Penelope Fitzgerald is one of my
favorite British novelists. She did not begin publishing until she was in her
sixties, but she eventually won England’s top literary award, the Booker Prize,
as well as the National Book Critics Award in this country. What is almost as
remarkable as the quality of her nine novels is their variety. She does not
repeat herself in plot or setting or characters, though she does have some
themes that recur. I find the same light touch, the same humor, and the same
tendency to surprise in all her books, but that is the extent of their
likeness.
Her first book, The Golden Child (1977) is a mystery based on the Tutankhamen
exhibition which came to London’s British Museum in 1972. But the museum in the
book is not quite the British Museum, though it resembles it; the Golden Child
of the title, a gold-encrusted mummy, is not quite Tutankhamen; his country of
origin is not Egypt but Garamantia; and the museum director is not quite Lord
Kenneth Clark, though he looks and acts like him.
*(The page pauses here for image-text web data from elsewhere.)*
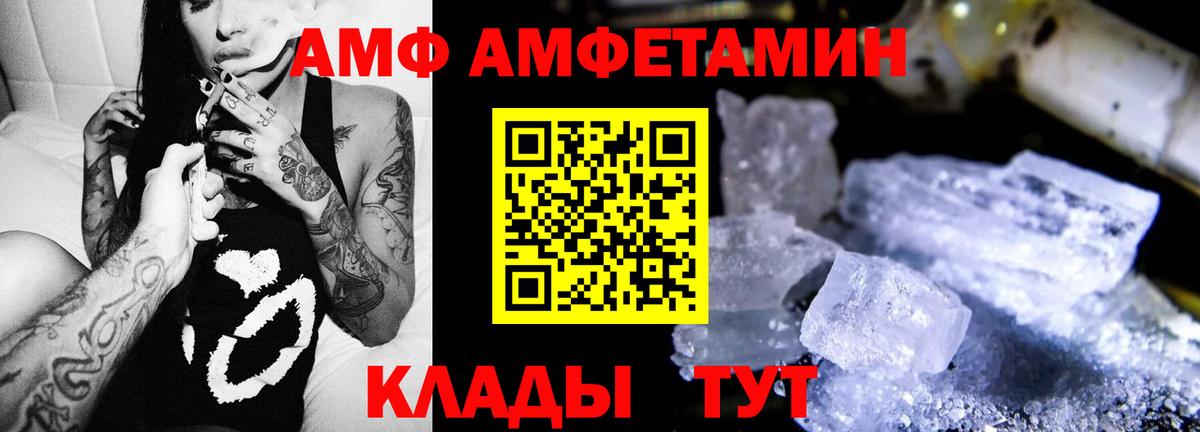 Amphetamine VHQ Курчалой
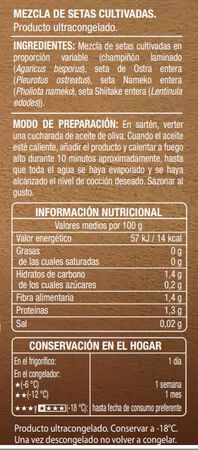 Salteado de setas Alipende 450g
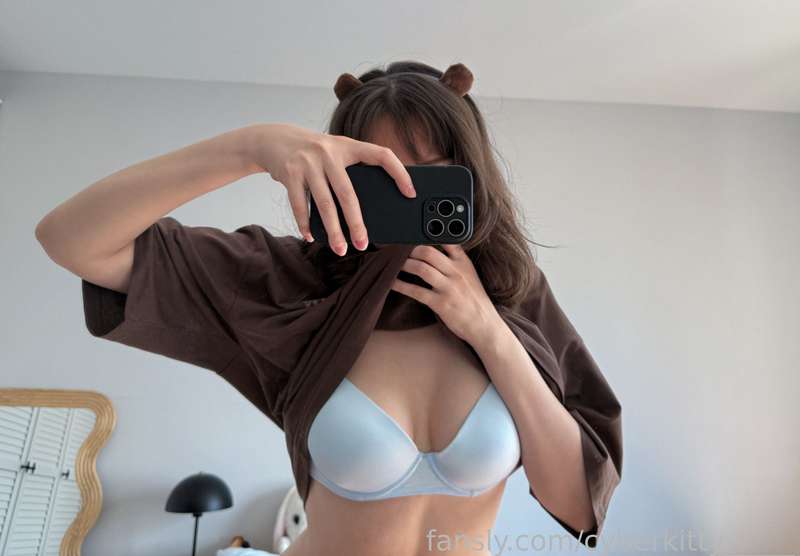 Cyberkitty_____ - Fansly - 03 Jun, 2025 8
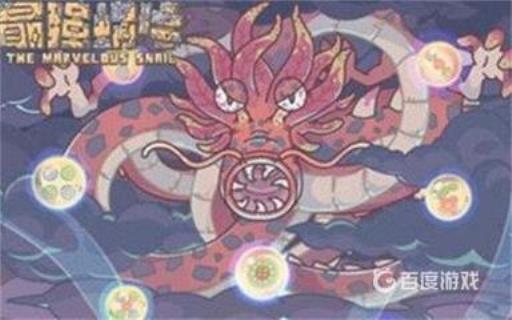 最强蜗牛老玩家怎么用黄鹂鸟?_最强蜗牛选黄鹂鸟还是选蜗牛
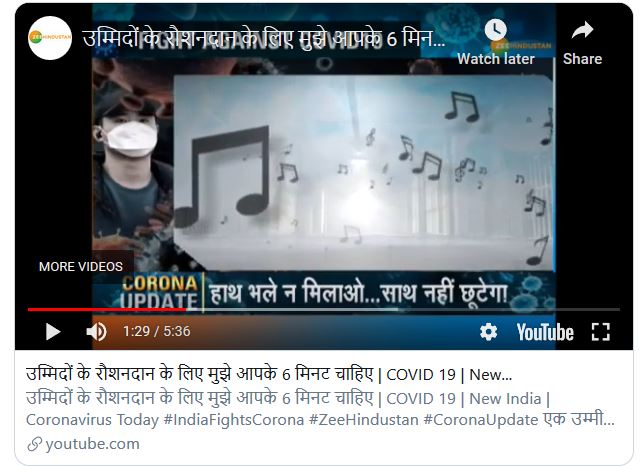 ज़ी हिंदुस्तान के वीडियो का स्क्रीनशॉट Zee Hindustan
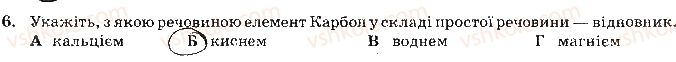 фото задание 6 - варіант 2 - контрольна робота № 2. реакції обміну речовин електролітів - контрольні роботи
And unlike the Tutankhamen
exhibit, this one turns out to be a fake; the thousands of people in folded
queues in the famous courtyard are unaware that the mummy in the gilded
sarcophagus is not the adolescent king but a much more modern corpse covered
with gold-leaf. Fitzgerald never worked at the British Museum, but she spent a
good deal of time there researching her three biographies of Edward
Burne-Jones, the Knox Brothers (her father and uncles), and Charlotte Mew.
The quirky staff of the museum,
besides the Kenneth Clark look-alike, includes a precious aristocrat his
coworkers call the May Queen, a ubiquitous assistant known only as Jones—whose
name turns out to be Jones Jones—the cantankerous old Sir William, discoverer of
the real treasure of the Golden Child, and Sir William’s sleepy, insouciant,
six-months’ pregnant secretary Dousha Vartarian.
Fitzgerald shows a Dickensian
playfulness about names, such as that of Professor Untermensch, the expert on
hieroglyphics. The book has a parody Frenchman, a sort of combination of
Jacques Derrida and Claude Levi-Strauss. There’s a little touch of P. G.
Wodehouse and more than a little reminder of Waugh as the museum employee at
the bottom of the food chain is the one singled out for a trip to Moscow that
is filled with intrigue and eventually uncovers the real Golden Child artifacts
and the international Cold War politics that dictate that a fake one be sent to
England. The British Diplomat of the donor country for the exhibit, is,
according to the museum director, “Pombo Greene, whom I have known, since he
was in my election at Eton, to be exceptionally foolish and incompetent.”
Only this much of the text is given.